- _Given data_:
- - - - - - -

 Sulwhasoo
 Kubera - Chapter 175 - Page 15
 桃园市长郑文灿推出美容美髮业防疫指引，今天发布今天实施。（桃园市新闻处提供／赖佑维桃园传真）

- - - - - - -

- _Exercise instructions_:
Repeat the material word for word, in full.

- _Result of the exercise_:
 Sulwhasoo
 Kubera - Chapter 175 - Page 15
 桃园市长郑文灿推出美容美髮业防疫指引，今天发布今天实施。（桃园市新闻处提供／赖佑维桃园传真）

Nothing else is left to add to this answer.